> **Activity**: Look through the material below. Return exactly the lines from the one with "폴렝기 레이지 라임주스, 200ml, 1개" through the one with "Tractor agrícola - Case IH - quantum 100 f", both included.

> **Provided data**:
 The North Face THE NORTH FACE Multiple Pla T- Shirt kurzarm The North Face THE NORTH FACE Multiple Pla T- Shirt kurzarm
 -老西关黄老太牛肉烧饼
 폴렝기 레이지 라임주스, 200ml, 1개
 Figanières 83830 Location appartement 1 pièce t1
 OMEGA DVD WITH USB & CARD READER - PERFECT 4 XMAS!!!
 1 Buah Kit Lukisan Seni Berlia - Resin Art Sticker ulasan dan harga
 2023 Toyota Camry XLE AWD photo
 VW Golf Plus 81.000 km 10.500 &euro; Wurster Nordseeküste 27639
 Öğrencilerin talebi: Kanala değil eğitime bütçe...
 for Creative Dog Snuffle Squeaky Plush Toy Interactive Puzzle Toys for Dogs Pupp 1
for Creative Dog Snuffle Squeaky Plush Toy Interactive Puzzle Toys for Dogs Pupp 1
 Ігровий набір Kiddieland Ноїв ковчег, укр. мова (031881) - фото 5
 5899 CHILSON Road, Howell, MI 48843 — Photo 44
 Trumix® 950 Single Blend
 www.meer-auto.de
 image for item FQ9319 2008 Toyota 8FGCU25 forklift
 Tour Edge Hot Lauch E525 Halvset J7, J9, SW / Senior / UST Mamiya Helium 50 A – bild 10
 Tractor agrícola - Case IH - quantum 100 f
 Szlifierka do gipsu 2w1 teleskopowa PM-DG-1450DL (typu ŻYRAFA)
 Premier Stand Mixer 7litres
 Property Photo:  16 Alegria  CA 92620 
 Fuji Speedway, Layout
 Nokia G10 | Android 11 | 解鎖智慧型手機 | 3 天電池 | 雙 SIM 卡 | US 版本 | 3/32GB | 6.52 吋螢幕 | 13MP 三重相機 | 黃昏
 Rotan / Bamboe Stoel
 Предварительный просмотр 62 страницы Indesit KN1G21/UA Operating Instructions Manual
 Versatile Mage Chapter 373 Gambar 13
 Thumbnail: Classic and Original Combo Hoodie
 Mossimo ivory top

> **Result**:
 폴렝기 레이지 라임주스, 200ml, 1개
 Figanières 83830 Location appartement 1 pièce t1
 OMEGA DVD WITH USB & CARD READER - PERFECT 4 XMAS!!!
 1 Buah Kit Lukisan Seni Berlia - Resin Art Sticker ulasan dan harga
 2023 Toyota Camry XLE AWD photo
 VW Golf Plus 81.000 km 10.500 &euro; Wurster Nordseeküste 27639
 Öğrencilerin talebi: Kanala değil eğitime bütçe...
 for Creative Dog Snuffle Squeaky Plush Toy Interactive Puzzle Toys for Dogs Pupp 1
for Creative Dog Snuffle Squeaky Plush Toy Interactive Puzzle Toys for Dogs Pupp 1
 Ігровий набір Kiddieland Ноїв ковчег, укр. мова (031881) - фото 5
 5899 CHILSON Road, Howell, MI 48843 — Photo 44
 Trumix® 950 Single Blend
 www.meer-auto.de
 image for item FQ9319 2008 Toyota 8FGCU25 forklift
 Tour Edge Hot Lauch E525 Halvset J7, J9, SW / Senior / UST Mamiya Helium 50 A – bild 10
 Tractor agrícola - Case IH - quantum 100 f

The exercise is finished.